O Brasil é hoje a nona economia do mundo. Apesar das sabidas dificuldades conjunturais, o país tem tudo para recuperar a oitava posição que um dia lhe pertenceu e avançar rumo a patamares ainda mais altos. Porém jamais ingressaremos em um círculo virtuoso de desenvolvimento estável e auto-sustentado enquanto não erradicarmos as escandalosas mazelas sociais acumuladas ao longo de 500 anos de história.
Muitos já se deixaram inebriar, um dia, pela falácia do crescimento econômico sem justiça social. Não cabe revolver os erros do passado. Porém menos ainda cabe repeti-los. A dívida social, multiplicada naqueles anos de triste memória, clama por ser resgatada. E constitui talvez o maior obstáculo ao próprio crescimento. Mais do que a excelência tecnológica, mais do que a pujança industrial, mais do que a abundância agropecuária, o maior patrimônio de um país é seu povo. Esse povo já provou ser dono de uma tenacidade, de uma flexibilidade, de uma cordialidade, de uma criatividade excepcionais. Queremos vê-lo bem alimentado, saudável, educado e feliz.
Seria muito cômodo atribuir essa imensa responsabilidade apenas ao governo. Cômodo, ineficaz e indecente. A correção de cinco séculos de distorções não é tarefa para poucos, por maiores que sejam seus talentos, por melhores que sejam suas intenções. Toda a nação brasileira está sendo chamada a participar. E não pode se furtar ao convite.
Já superamos a fase da exacerbação ideológica, dos arroubos retóricos que dividem e paralisam.

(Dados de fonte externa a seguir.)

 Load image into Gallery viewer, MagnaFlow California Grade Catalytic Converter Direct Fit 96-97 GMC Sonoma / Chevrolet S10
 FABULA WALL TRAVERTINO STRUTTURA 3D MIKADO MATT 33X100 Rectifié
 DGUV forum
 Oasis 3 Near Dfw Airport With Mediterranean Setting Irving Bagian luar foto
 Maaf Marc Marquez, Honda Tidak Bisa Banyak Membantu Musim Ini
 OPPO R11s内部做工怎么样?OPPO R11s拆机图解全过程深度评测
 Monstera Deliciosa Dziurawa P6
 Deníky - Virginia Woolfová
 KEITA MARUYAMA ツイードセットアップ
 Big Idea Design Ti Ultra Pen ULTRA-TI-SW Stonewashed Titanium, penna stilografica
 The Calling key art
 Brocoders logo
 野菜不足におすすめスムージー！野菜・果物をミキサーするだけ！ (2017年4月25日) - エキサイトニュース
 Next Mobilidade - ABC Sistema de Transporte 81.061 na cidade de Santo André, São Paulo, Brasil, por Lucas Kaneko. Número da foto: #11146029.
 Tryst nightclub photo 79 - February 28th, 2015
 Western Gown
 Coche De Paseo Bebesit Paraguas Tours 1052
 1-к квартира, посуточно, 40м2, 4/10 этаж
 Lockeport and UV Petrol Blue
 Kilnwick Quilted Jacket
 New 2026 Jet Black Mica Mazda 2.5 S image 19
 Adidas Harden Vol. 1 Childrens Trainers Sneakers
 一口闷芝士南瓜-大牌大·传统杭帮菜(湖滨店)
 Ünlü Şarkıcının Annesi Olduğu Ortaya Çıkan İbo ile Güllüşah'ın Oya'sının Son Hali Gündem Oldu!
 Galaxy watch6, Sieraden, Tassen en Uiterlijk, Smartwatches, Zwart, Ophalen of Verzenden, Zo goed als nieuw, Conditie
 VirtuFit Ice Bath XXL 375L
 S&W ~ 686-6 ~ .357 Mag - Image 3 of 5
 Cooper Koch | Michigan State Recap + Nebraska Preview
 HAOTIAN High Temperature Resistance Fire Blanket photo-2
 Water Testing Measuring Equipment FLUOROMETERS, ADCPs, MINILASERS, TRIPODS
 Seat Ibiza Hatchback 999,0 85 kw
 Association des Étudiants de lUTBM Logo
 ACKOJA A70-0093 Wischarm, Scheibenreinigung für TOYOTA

Os diferentes atores desta complexa sociedade adquiriram maturidade suficiente para se sentar em torno de uma mesa e negociar. Adquiriram também o necessário sentido de urgência para levantar da mesa e colocar as mãos à obra. O momento oferece uma oportunidade excepcional. Seria imperdoável desperdiçá-la.


Claudio Lottenberg, 42, doutor em oftalmologia pela Escola Paulista de Medicina (atual Unifesp), é presidente da Sociedade Beneficente Israelita Brasileira Hospital Albert Einstein.